La misma posibilidad física de ampliar la ocupación del suelo y el crecimiento de la ciudad en otras direcciones fueron dejando a La Barcenilla en su estado actual. La dotación de suelo industrial en polígonos específicos trasladó los pequeños talleres e industrias a ellos, manteniéndose en la actualidad un uso exclusivamente residencial, sin que haya habido una ampliación del mismo en las últimas décadas. En cierta manera, el barrio sigue presentando su carácter semiurbano e intenta rescatar la función de espacio de ocio, perdida también por la irrupción de otras sendas mejor adaptadas que atraen a los paseantes. El proyecto de recuperar esta bárcena, dentro del plan más ambicioso que pretende construir un camino a lo largo del río hasta Fontibre, ha tenido, por ahora, una repercusión menor, plasmada en la construcción de una pasarela y la adaptación de una zona de paseo sobre el llano de inundación del Híjar. El descuido y la proliferación de basura en el entorno, no ayudan precisamente, a que mejore el atractivo del lugar.
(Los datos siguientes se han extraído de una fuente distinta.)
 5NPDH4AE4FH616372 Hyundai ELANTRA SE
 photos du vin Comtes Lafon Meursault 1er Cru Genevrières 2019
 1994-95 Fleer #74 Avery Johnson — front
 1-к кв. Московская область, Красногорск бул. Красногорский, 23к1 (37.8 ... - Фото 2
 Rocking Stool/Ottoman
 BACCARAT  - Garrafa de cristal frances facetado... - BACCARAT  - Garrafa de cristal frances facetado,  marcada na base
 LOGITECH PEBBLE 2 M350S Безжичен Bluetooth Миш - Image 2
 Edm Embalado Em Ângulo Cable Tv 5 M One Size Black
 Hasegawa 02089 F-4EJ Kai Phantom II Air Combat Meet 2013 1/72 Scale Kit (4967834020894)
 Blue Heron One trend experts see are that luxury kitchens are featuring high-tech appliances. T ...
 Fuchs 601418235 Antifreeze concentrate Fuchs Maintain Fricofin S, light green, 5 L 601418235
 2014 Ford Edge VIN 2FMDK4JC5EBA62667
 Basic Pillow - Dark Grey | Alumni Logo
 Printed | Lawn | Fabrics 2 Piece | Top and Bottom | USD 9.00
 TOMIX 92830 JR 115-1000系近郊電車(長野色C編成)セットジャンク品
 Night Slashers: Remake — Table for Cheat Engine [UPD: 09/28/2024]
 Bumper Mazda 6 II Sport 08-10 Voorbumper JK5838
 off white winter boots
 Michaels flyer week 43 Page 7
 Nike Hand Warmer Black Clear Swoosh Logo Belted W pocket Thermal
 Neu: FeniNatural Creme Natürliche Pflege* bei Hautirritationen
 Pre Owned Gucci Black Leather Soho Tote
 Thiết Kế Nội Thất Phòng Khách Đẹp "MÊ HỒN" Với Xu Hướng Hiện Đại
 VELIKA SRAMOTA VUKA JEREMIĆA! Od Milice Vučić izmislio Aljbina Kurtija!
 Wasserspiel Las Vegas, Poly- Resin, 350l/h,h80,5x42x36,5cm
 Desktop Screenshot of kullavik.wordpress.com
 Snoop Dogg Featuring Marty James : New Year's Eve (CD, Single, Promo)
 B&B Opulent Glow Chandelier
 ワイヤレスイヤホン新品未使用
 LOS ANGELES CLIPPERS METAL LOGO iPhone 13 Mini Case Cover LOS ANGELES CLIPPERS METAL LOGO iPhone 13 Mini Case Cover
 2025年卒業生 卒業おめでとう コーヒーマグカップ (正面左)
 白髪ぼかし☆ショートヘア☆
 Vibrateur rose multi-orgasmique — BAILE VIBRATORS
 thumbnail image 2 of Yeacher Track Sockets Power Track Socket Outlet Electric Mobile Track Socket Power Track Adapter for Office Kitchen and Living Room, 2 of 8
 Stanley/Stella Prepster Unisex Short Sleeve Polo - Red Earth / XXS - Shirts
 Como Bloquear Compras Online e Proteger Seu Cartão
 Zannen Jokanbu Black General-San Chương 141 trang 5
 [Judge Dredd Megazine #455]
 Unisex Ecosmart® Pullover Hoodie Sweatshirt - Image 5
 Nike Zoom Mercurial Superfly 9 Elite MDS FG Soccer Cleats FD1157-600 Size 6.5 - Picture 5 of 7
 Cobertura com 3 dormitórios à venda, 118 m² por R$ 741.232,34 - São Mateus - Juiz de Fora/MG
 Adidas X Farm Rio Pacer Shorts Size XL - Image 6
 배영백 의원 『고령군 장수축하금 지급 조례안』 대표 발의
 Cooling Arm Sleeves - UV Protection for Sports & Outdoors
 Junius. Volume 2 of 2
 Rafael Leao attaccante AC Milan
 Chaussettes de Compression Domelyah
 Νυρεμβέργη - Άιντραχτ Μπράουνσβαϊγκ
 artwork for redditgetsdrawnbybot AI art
Recuerdos de La Barcenilla

Existían dos Reinosas. La calle del Generalísimo Franco, desde el Cañón a la fuente de la Aurora, y la avenida José Antonio que llegaba hasta el parque de Cupido (calle Mayor y avenida del Puente de Carlos III, en la actualidad), que formaban la ciudad, donde estaba el comercio y cuyas aceras recorrían los vecinos para hacer las compras, a diario, y los días festivos despacio, paseando en parejas los adultos, y en pandillas ruidosas y numerosas los más jóvenes; pero había otra Reinosa formada por los barrios, más rural, más antigua, en la que los niños jugaban en las calles aún sin asfaltar, poblada de risas y voces en los veranos interminables de nuestra infancia sin miedo, en la que las mujeres se sentaban al sol al lado de su portal o vivían permanentemente acodadas en las ventanas de las galerías o en los balcones, controlando desde lejos, sin entrometerse, los juegos de los niños del barrio, en esa Reinosa floreciente de los años 70.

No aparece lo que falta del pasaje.